Conrail argues that the Line should be exempted from the OFA provisions at 49 U.S.C.  10904 because there is no overriding need for freight service and because an OFA would interfere with a valid public purpose. According to Conrail, there are currently no active shippers on the Line and the only entity that is physically located on the Line that could use rail service, Suydam Partners, has no interest in doing so.

 

Conrail and NJ Transit argue that the OFA would interfere with a valid public purpose because Offerors’ proposal to cross the commuter line at grade at mileposts 3.0 and 3.9 would disrupt the existing mass transit operation. Specifically, Bernadette Gill, NJ Transit’s Director of Property Management, states that, “NJ Transit acquired the property comprising of the portions of Parcel C in order to construct, operate and maintain the Hudson Bergen Light Rail System.”[5] And Joseph North, NJ Transit’s General Manager Light Rail and Contracts, explains that installing a freight system across the light rail system would “severely interfere with its public transit operation and create unacceptable safety risks.” Mr. North also states that the system operates around the clock and that Offerors’ proposed operation would traverse directly through the system’s layover storage yard and maintenance facility.[6]

 

Offerors’ evidence of a need for continued rail service is lacking. There have been no active shippers on the Line for several years and, consequently, no shipper will lose service if an OFA exemption is granted here.
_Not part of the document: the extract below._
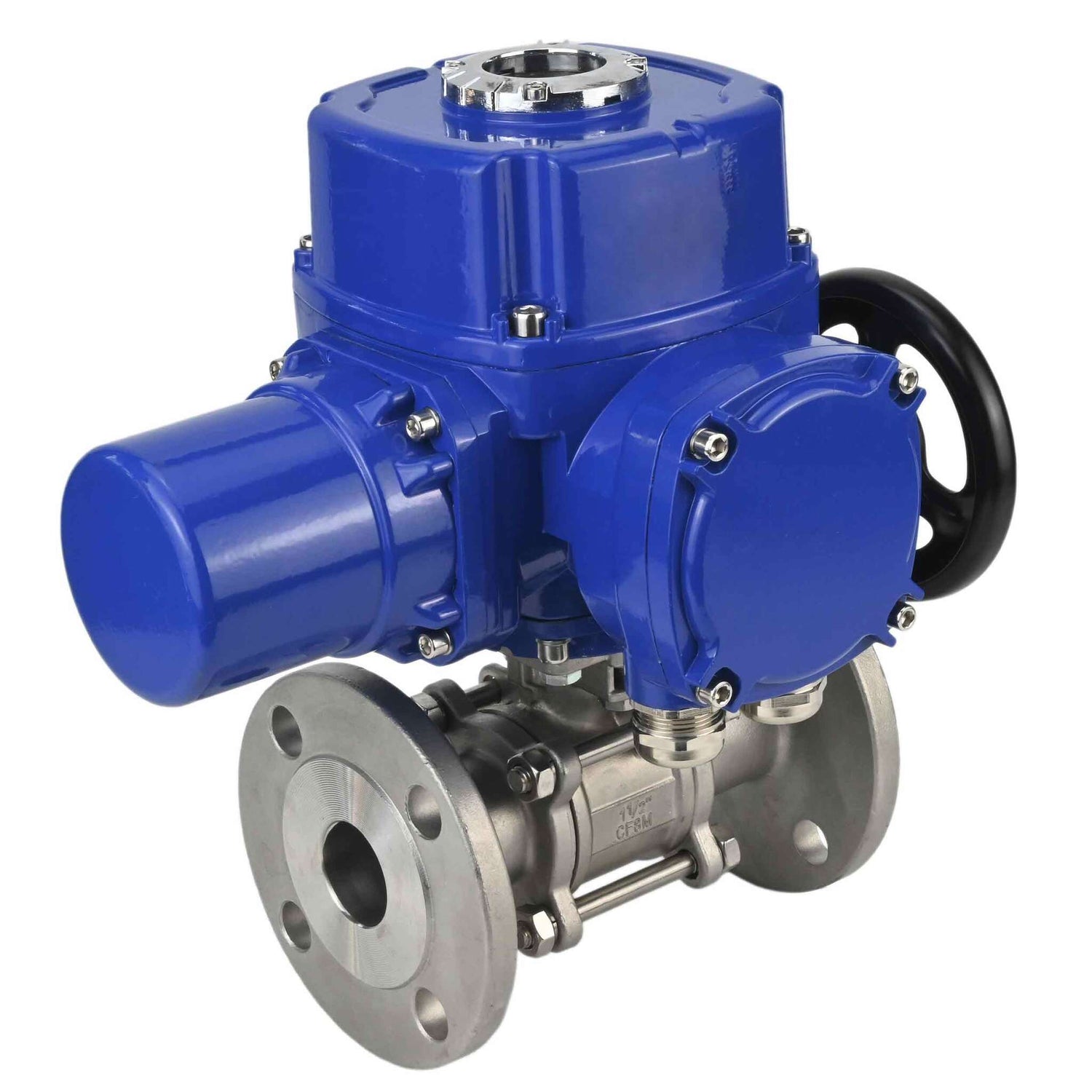 Stainless steel ball valve Elephant BVFPT,304,180 three-part, body material - stainless steel SS304, seal - PTFE, flanged, full port, quarter-turn electric actuator Elephant QT-W (M) 220 V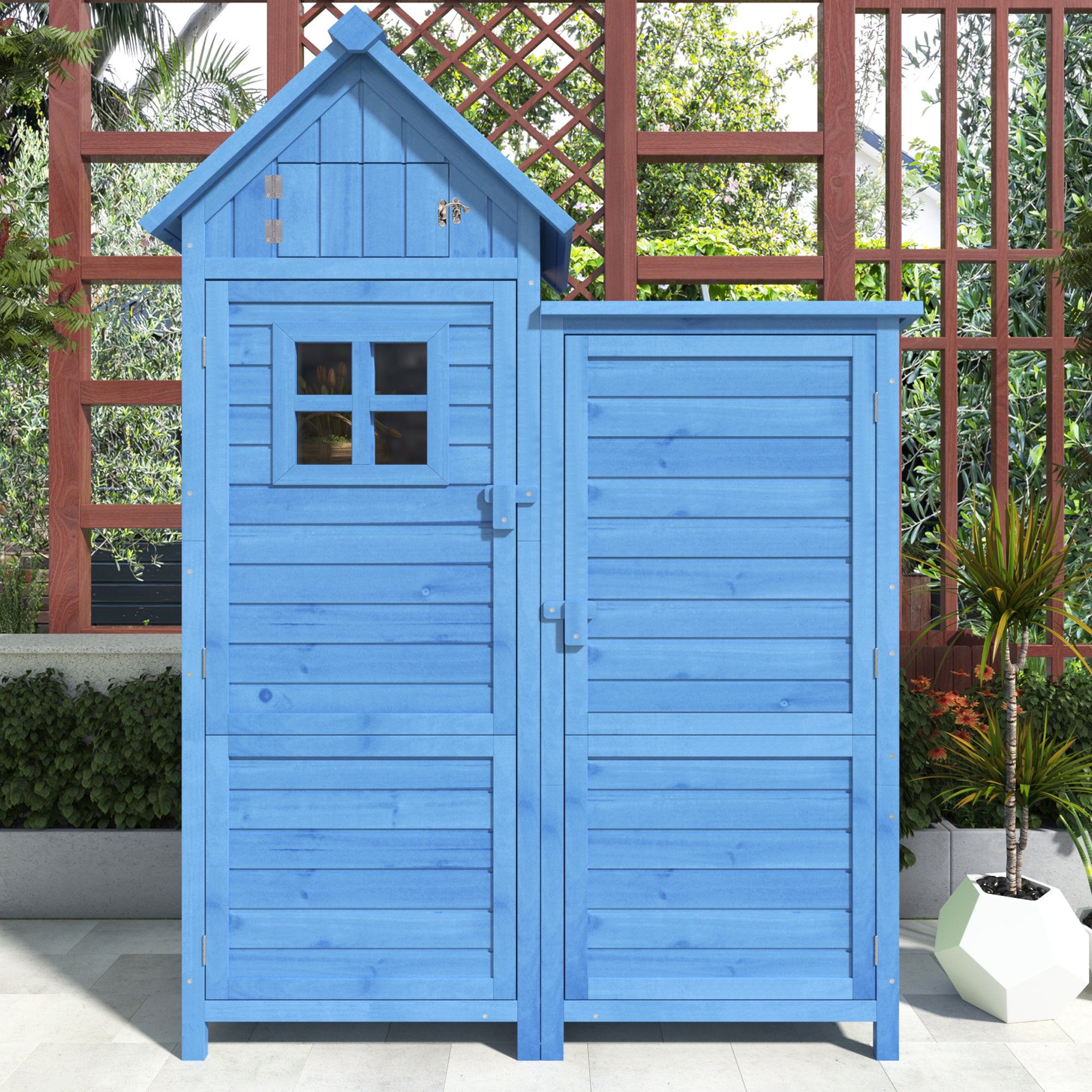 Abri de jardin armoire à outils, 118 x 54 x 173 cm, résistant aux intempéries, bois, bleu, toit en PVC (ensemble, 1 pièce, 1 x armoire à outils) | Leroy Merlin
Moreover, of the 40 businesses Offerors state they contacted to support their proposed transload facility, only two have actually submitted letters in support and neither makes a firm commitment to use such a facility were it to be created. None of the other potential shippers mentioned in the record (Dameo Trucking, Inc., Suydam Partners, Clayton) has provided any written support for Offerors’ proposal; indeed, Clayton and an operator with whom it is conducting business have filed separate letters disassociating themselves from Offerors and their proposal. Although Offerors suggest that traffic from two large area construction projects might become available to them, the absence of any concrete support for that claim renders those potential sources too speculative.

 

Against this weak demonstration of shipper need we must balance the need for the light rail system to continue to use Parcel C to serve thousands of commuters daily—a valid and valuable public purpose.[7]

 

For all of the above reasons, we will exempt Parcel C from the OFA provisions at 49 U.S.C. 10904.

 

We will also exempt from the OFA process the remainder of the Lehigh Valley Main Line between railroad milepost 2.90+ and railroad milepost 5.17+. Freight rail service on any rail line constructed on Parcels A and B would be highly unlikely in the absence of Parcel C since Parcels A and B rely on Parcel C to link to track that has access to interstate rail lines. Moreover, as we are exempting the entire Line, we will not rule on Offerors’ motions to amend their OFA as those requests will be mooted by our action here.

 

In their OFA, Offerors provide a personal financial statement for Riffin to support the assertion that Offerors are financially responsible.[8] Even if we did not exempt the Line from  10904, Riffin could not be considered a financially responsible party, as he recently filed for bankruptcy protection. Voluntary Petition, In re Riffin, No. 10-11248 (Bankr. D. Md. Jan. 20, 2010). In that petition, Riffin claimed assets of $400,000, liabilities of over $4,000,000, no specialized rail equipment, and only modest income from rental property. Insolvency is inconsistent with the financial responsibility to acquire and operate a railroad under the OFA provisions. Moreover, a bankruptcy proceeding could result in any rail line Riffin might acquire becoming encumbered property, thereby jeopardizing its use for continued rail service, contrary to the fundamental purpose of 49 U.S.C. 10904.

 

One final matter requires discussion. A number of serious concerns about Conrail’s actions (or inactions) with respect to the Line have surfaced in this proceeding. As a result, in Consolidated Rail Corporation’s Sales and Discontinuances, STB Ex Parte No. 695, served concurrently with this decision, we are instituting an investigation into Conrail’s conveyance of the Line to NJ Transit in 1996 without seeking or obtaining Board authority and its filing for an abandonment exemption in 2008 without informing the Board that it no longer owned portions of the Line to be abandoned.

 

This action will not significantly affect either the quality of the human environment or the conservation of energy resources.

 

It is ordered:

 

1. Conrail’s motion to strike is denied.

 

2. The entire Lehigh Valley Main Line at issue in this proceeding, between railroad milepost 2.90 and railroad milepost 5.17 , is exempted from the OFA provision at 49 U.S.C.  10904.

 

3. Conrail’s abandonment exemption will be effective 30 days from the service date of this decision.

 

4.      This decision will be effective 30 days from its service date.

 

By the Board, Chairman Elliott, Vice Chairman Mulvey, and Commissioner Nottingham.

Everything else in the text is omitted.